Somewhat surprisingly, Kawhi Leonard — arguably the best player of this postseason so far, who came into Game 7 averaging 34 points and shooting 57 percent for the series — was part of the lackluster shot-making for a considerable chunk of the game. The Toronto star logged an uncharacteristically high volume, taking 30 shots through three quarters,1 making only 10.
But then came the fourth period, and with it Leonard’s miraculous game-winning shot that, by bouncing off the rim four times before falling into the basket, not only saved Toronto’s season, but also could set off a chain of events that may alter the NBA landscape.
From ABC News:
We should be clear here: Leonard wasn’t shooting well during the first three quarters, but his struggles stemmed from Philadelphia finally putting its foot down and aggressively pressuring him, sometimes sending an early double-team at him to either force the ball out of his hands or force him to shoot over two defenders at once. (We wrote earlier in the series that the Sixers would likely try that strategy at some point, given that Leonard ranked as the NBA’s least-efficient wing player when he was blitzed or trapped in pick-and-roll plays.)

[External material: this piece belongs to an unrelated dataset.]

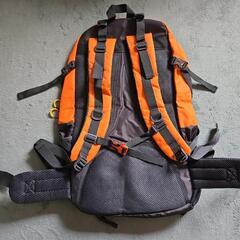 登山やハイキング、防災リュックとして！メーカー不明　60サイズ　新品未使用　開封済みの画像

Beyond that, there were many possessions on Sunday during which the other four Raptors simply didn’t have much going when Kawhi wasn’t taking matters into his own hands. Yes, Kyle Lowry made several hustle plays (particularly on the offensive glass) that stood out. And Serge Ibaka, with his 17 points on 10 shots, was an enormous help. But Leonard still had an outsize amount of weight on his shoulders from an offensive standpoint. And as such, he looked to shoot more than normal, with his usually sparkling efficiency taking a hit because of it.
But similar to Stephen Curry — who was objectively awful in the first halves of Games 5 and 6 against Houston this past week before going scorched earth in the final periods — Leonard saved his best for last on Sunday. After logging a 4-of-14 third quarter, Leonard drilled 6 of 9 attempts for 15 points in the fourth. He ultimately finished with 41 points on the day.

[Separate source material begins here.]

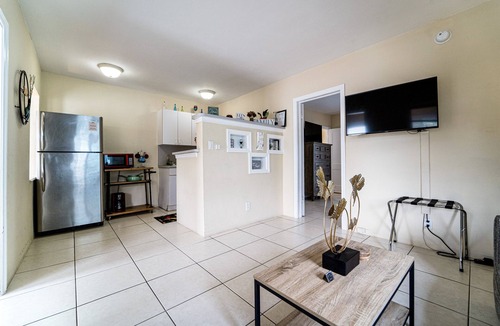 Edgewood Apartment | #2 Heated Pool, Private Patio & Grill, 1BR+sunroom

Of course, no shot was bigger than the rainbow-arcing 21-footer that caught every part of the iron, which will be talked about in Toronto — and across the league — for years to come. To give the show some context, it was the first Game 7 buzzer-beater in NBA playoff history.
The attempt had no business going in, with Leonard completely off-balance, falling far to his right in the corner as he let the ball go. He said he lofted the shot as high as he could to get it over the outstretched arm of center Joel Embiid, who contested the jumper. When the shot fell through, the usually stoic Leonard was shouting and ecstatic, while Embiid, generally loud and brash, was reduced to tears after playing through various illnesses this series just to come up short.
Recency bias might lead some to say this shot was more impressive than the 37-footer that Damian Lillard knocked in to eliminate the Oklahoma City Thunder. It almost certainly wasn’t.
Leonard’s shot had a high degree of difficulty because of the Embiid contest, but it was still a long 2-pointer from the corner. Second Spectrum, which tracks a shot’s probability,2 gave Leonard’s try a 32.1 percent chance of going down. By contrast, Second Spectrum data suggests that the average player would hit Lillard’s buzzer-beating attempt only 12.6 percent of the time.
But there’s an argument to be made that Leonard’s shot could end up affecting the league more, at least in the near future. For one, reports say that Sixers coach Brett Brown’s job could potentially be on the line now as a result of the series loss. That, on the surface, seems utterly ridiculous given how close the Sixers were to advancing. Philadelphia’s starters got only 10 regular-season games together and pieced together good net ratings against the Raptors in this latest series. The real problem with the club — which went all-in this season with two huge midseason trades — is its lack of depth.3
But Leonard’s game-winner also has to make a club like the Clippers — a team flush with cap space that is fully expected to pursue Kawhi this summer in free agency — wince. By no means would a single shot kill Los Angeles’s chance of making a pitch to Leonard, but conventional wisdom would suggest that the further the Raptors go in the playoffs, the more likely they’ll be able to persuade Leonard to stay north of the border. (But truthfully, no one knows what will motivate Leonard most. After all, he wanted out of a competitive San Antonio team.)
The next series, the Eastern Conference finals against the Bucks, will present even tougher questions for Leonard and the Raptors because of Milwaukee’s athleticism. MVP favorite Giannis Antetokounmpo might be more equipped to guard Kawhi than anyone in the NBA. But on at least one night — a night that seemed to finally squash the Raptors’ postseasons anxieties for good — Leonard and his team could bask in the glow of a historic shot that found its way in after four of the friendliest bounces off the rim that you’ll ever see.